* TASK STATEMENT: Transcribe the entries below exactly, starting with the line that has "Buffy The Vampire" and stopping after the line that has "PLUS SIZE WOVEN"; no pictures belong in the copy.

* EXERCISE INPUTS:
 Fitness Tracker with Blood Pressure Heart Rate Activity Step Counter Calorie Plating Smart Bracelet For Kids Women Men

==

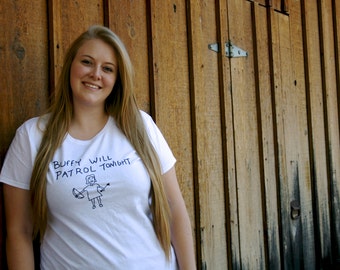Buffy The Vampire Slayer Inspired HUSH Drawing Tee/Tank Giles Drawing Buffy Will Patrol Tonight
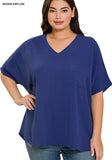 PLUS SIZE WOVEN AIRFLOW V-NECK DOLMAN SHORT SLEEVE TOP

* OUTPUT:
Buffy The Vampire Slayer Inspired HUSH Drawing Tee/Tank Giles Drawing Buffy Will Patrol Tonight
 PLUS SIZE WOVEN AIRFLOW V-NECK DOLMAN SHORT SLEEVE TOP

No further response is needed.